Ângelo aparece, branco que é calma: "É apenas milho. É apenas brincadeira. É apenas teste."
As galinhas, sendo galinhas, não acreditam totalmente. Mas acreditam parcialmente, que é como acreditam de tudo. E ciscam o milho, que é comida, que é prova, que é Arrepius sendo atendido em sua bagunça e Ângelo sendo atendido em sua paz.
O segredo de Arrepius
Apesar de parecer, de ser, bagunceiro, provocador, incitador de confusão, Arrepius tem função que não é oposição a Ângelo. É complemento.
Ele representa:
Curiosidade que não pergunta "posso?"
Rebeldia que não espera "deveria?"
Vontade de testar limites que é, no fundo, vontade de saber onde limites estão
Sem ele, o Solar seria certinho demais.
Seria Ângelo sem contraste, luz sem sombra, ordem que é prisão disfarçada.
Arrepius é tempero.
É pimenta no doce, é nota dissonante que resolve, é erro que torna perfeição interessante.
"Arrepius não é vilão.
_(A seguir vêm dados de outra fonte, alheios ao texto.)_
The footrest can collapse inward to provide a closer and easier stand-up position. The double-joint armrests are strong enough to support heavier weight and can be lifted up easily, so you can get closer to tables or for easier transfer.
É necessário. Como Ângelo é necessário. Como ambos são necessários juntos, no mesmo ombro, no mesmo momento, no mesmo miau que é pergunta e resposta."
Todos veem.
Não são invisíveis, não são mistério, não são só para quem acredita. São gatinhos, e gatinhos são vistos por todos, por Madame Hey, que sorri; por Sir Ratatônio, que desconfia; por Morcélio, que não sabe se ouve ou imagina; por Baltazar, que não se importa; pelas galinhas, que entram em assembleia; por Lucerna, que brilha mais quando ambos aparecem, porque decisão é luz que intensifica.
Não são reais no sentido de Rudolph, de comer, de dormir, de ser gato. São reais no sentido de Solar: de força, de tendência, de voz que não existe mas é ouvida. Gatinhos feitos de possibilidade, de escolha que ainda não foi feita, de momento antes do momento.
Hoje
Continuam aparecendo. Continuam miauando contradições. Continuam sendo Ângelo, cuidado, calma, esperança e Arrepius, risco, impulso, e se? no mesmo ombro, na mesma decisão, no mesmo Solar que vive entre luz e sombra, ordem e bagunça, Jardim da Lua e Jardim da Meia-Noite.
A Madame Hey, às vezes, tenta acariciar Ângelo. Mão passa através ou quase através, ou através de algo que é quase gato. Não importa. Importa que tentou. Que reconheceu. Que deixou, no ombro, espaço para ambos.
"As Duas Vozes do Solar não são anjinho e diabinho de conto moral, onde um deve vencer. São anjinho e diabinho de criação, onde ambos devem ser ouvidos. Onde decisão é não escolha entre, mas síntese de. Onde gatinho branco e gatinho preto, no mesmo ombro, no mesmo miau, lembram que Solar é lugar de ambos, sempre ambos, nunca só um, nunca só outro."
---
No Solar, acreditamos que decisão não é linear. Que cuidado e risco são irmãos, não inimigos. E que dois gatinhos pequenos, visíveis a todos, miauando contradições no ombro de quem precisa decidir, são forma mais honesta de ajuda: não escolhendo por você, apenas lembrando que escolha existe, e que, sendo Solar, será sempre, gloriosamente, terrivelmente, ambas.